To be honest, I was struggling - I ran out of time this week to do enough research on a good topic to write about, and didn’t feel like featuring a specific event either. Time just passed while I was looking for potential inspirations.
My husband, in contrast, was having fun - sitting together with me on the sofa, he started his own ‘dance party’. In other words, he began swinging to his favourite music on the headphones, while still seated. Our sofa suddenly turned into a dance club… The wobbling sofa initially distracted me, but incidentally reminded me of something important about dancing. Dancing itself is pure joy, but… do I still want to dance on stage again?
Performance as a process of learning
Two weeks ago, I managed to get out of the isolation to attend the flamenco dance workshop by Gemma and Carmela. I enjoyed not only the classes per se but also chatting with them as well as their students whom I hadn’t seen since lockdown. A friend of mine, Farah, was also there and asked me if I was going to perform soon somewhere. I said ‘I don’t know’, as an honest answer.
In the past, I tried to take every opportunity to perform, either dancing or playing the cajón, assuming it was the best way to boost my improvement. There was so much to learn from by putting myself in the situation, which is something you can’t practically assimilate in a class or studio.

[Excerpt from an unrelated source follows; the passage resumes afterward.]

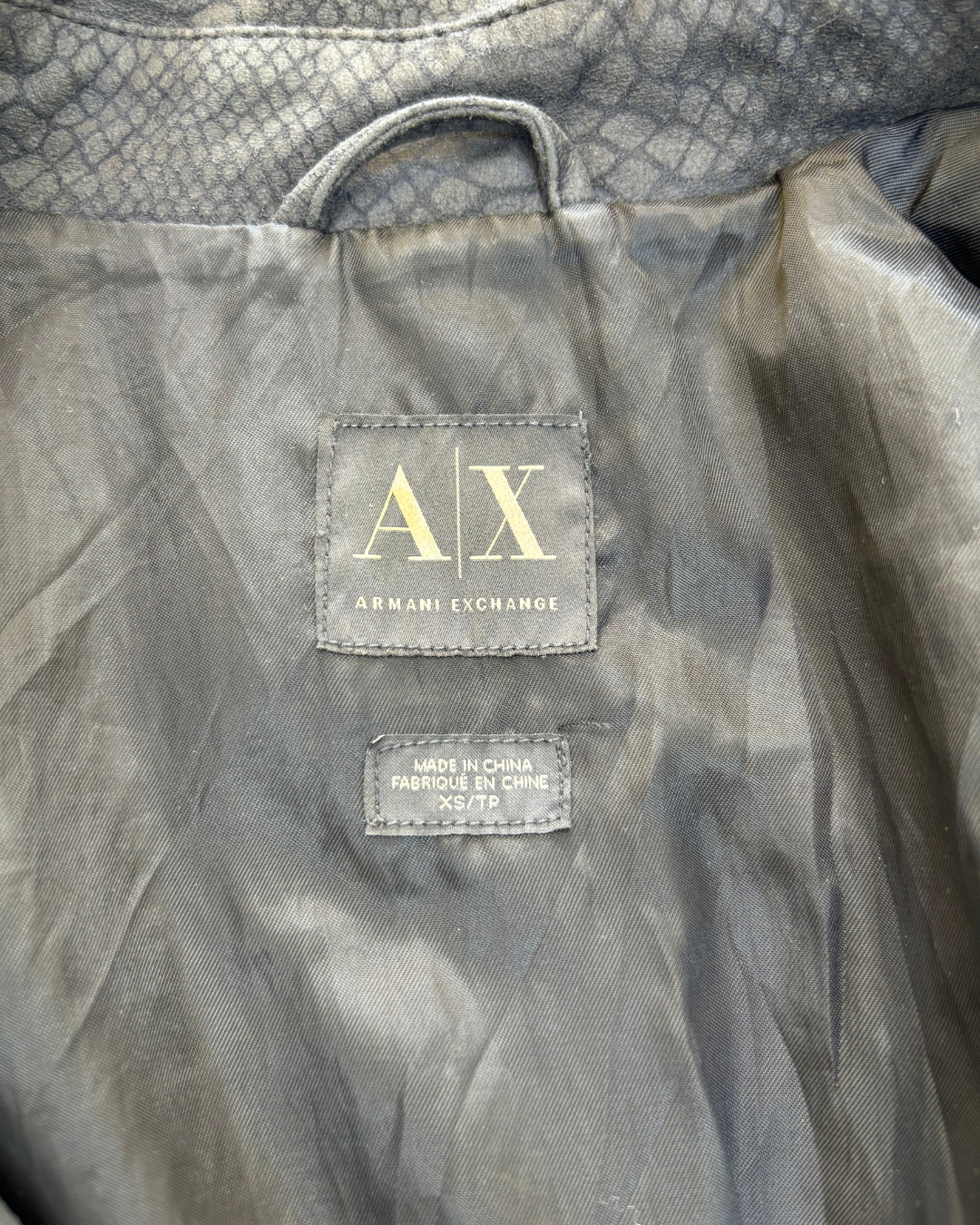 Armani Exchange Textured Black Moto Jacket - XS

I’ve learnt how to artistically respond to live music as well as how to recover from unexpected ‘accidents’ on stage. While you obviously need to keep up with a certain quality as an artist, performing in public can be an experimental opportunity to figure out what works well and what doesn’t, in the relationship with the live musicians as well as the responses from the audience, so that I could potentially ‘correct’ myself to perform better for the next time (and another ‘accident’ could happen in the next performance… and so on).

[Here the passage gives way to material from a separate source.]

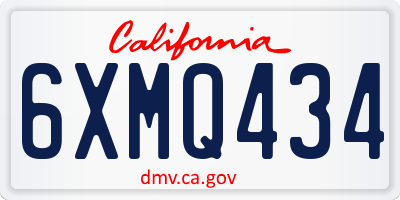 CA license plate 6XMQ434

Compliments are always grateful, but that’s not the ultimate aim. It’s not for the simple joy of dancing either. If I genuinely want to enjoy dancing, I’ll be happier dancing Rumbas or Sevillanas with friends at a party. Performing on stage is a part of the process of seeking what flamenco can mean to me. Your inner flamenco artist could emerge through the public eye.
Studio practice as a routine
In the meantime, I often enjoy practising by myself in a studio, even more than performing in public. It has a different benefit from going to a class.
When I bump into other dancers who also use the same studio, they often ask me if I was rehearsing for a show. Sometimes I’d have a gig happening shortly, but most of the time I’d just go there with or without having upcoming shows, and repeat almost the same routines every time, like a monk.
I tend to spend most of the time on repetitive exercises and can’t go through any fancy choreography at all, but it’s OK. I’m practising ‘flamenco zen’. Going through the ‘same’ routines actually enables me to monitor and observe which aspects of my body and movements have changed, improved or are still undeveloped. The solo training serenely gives me a different type of reward and enrichment from attending a class or performing in public. There is a certain joy in itself, whether I have a show to prepare for or not.
Since dance studios re-opened, I’ve almost resumed this habit of self-cultivation, but haven’t still got a strong drive for performing in public again. Maybe I’ve become too comfortable with the joy of solo training. In contrast, I sometimes feel like crying, realising that my body still remembers how I used to dance on stage. I might subconsciously be longing for performing. Maybe the best way to rebuild my motivation to perform is by doing a performance, as an experiment.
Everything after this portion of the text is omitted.